Bisbanos' Pizza in Lafayette, Louisiana is being sued for not being accessible.

http://www.katc.com/story/29975798/lawsuit-against-bisbanos-pizza-for-being-inaccessible-to-handicapped

Liam Doyle, who serves on the city-parish Awareness Committee for Citizens with Disabilities, filed the federal lawsuit Thursday against the restaurant.

“I approached them starting in February,” Doyle said. “I sent them a few letters and we didn’t hear back. So we told them this is the next step.”

The lawsuit claims that the restaurant’s entrance and restrooms are not in accordance with the Americans with Disabilities Act. There’s also, no handicapped parking and no handicapped access to the cellar.

Doyle is a disabled student who currently attends SLCC, but plans to attend UL next year. He said since the restaurant is close to campus, it’s a popular place for students.

“The live music venue is downstairs, so if I necessarily didn't want to eat, but they had a really good band, I couldn't do that because there is no way for me to get down there,” Doyle said.

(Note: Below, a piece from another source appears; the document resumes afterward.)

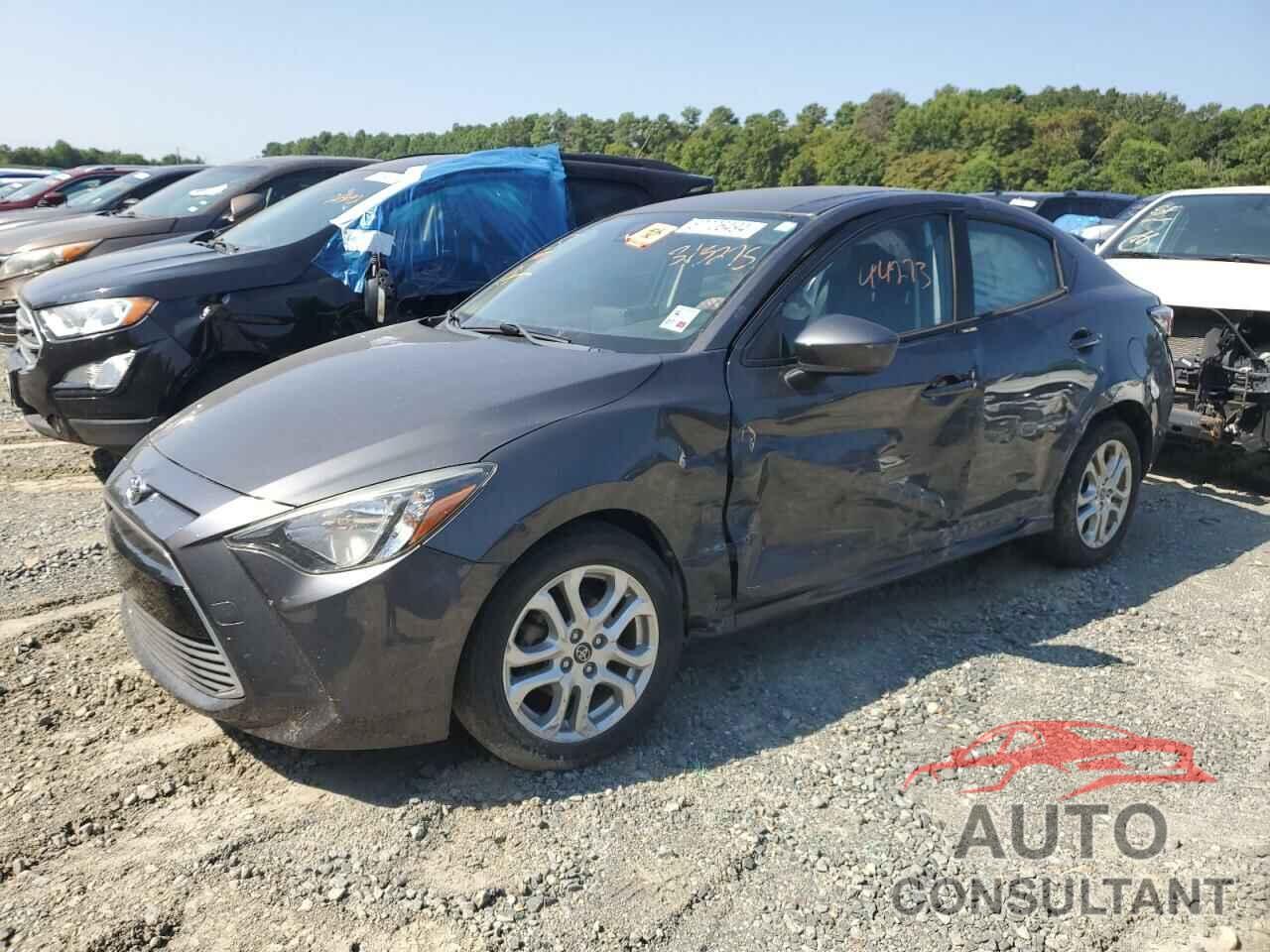TOYOTA YARIS 2018 - 3MYDLBYV6JY313275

Bisbanos' Pizza was built in the 1970s, before the Americans with Disabilities Act was passed. But according to Title III of the ADA older businesses are not necessarily grandfathered in. They must remove barriers for customers with disabilities when “readily achievable” — that is, “able to be carried out without much difficulty or expense,” according to the law.

“We are looking into building a ramp at the entrance and accessible parking spaces,” Bisbanos' Pizza Owner George Petro said.

When asked if Petro would consider changing the cellar to make it accessible Petro said he thinks that would be too expensive.

“It's not just me,” Doyle said. “There are a lot of other people that can't go to Bisbanos'.


----------



## ICE (Sep 7, 2015)

It's like a speeding ticket.  Everybody else is doing it but it's your turn to get screwed.  There's probably another hundred pizza parlors in that town that won't get sued.   But Bizbanos' gets to donate a few thousand dollars to an entrepreneur.


----------



## conarb (Sep 7, 2015)

ICE said:
			
		

> It's like a speeding ticket.  Everybody else is doing it but it's your turn to get screwed.  There's probably another hundred pizza parlors in that town that won't get sued.   But Bizbanos' gets to donate a few thousand dollars to an entrepreneur.


I think George Petro is going about this all wrong, I'm sure you have heard 90% of those business who hire an attorney and fight these suits are successful, he should put the money towards those fixes with an attorney and tied the matter up in the courts for years, debating the meaning  and intent of "readily achievable" could take years in itself, paying blackmail is always a bad idea, the blackmailer will always come back and demand more.


----------



## mtlogcabin (Sep 8, 2015)

Looking on google earth the building measures 60 X 40. Less than 3,000 sq ft does not need an accessible route to the lower level


----------



## ADAguy (Sep 8, 2015)

MT, where did you find an exemption for a basement?  What is it used for?


----------



## mtlogcabin (Sep 8, 2015)

2012 IBC

1104.4 Multilevel buildings and facilities.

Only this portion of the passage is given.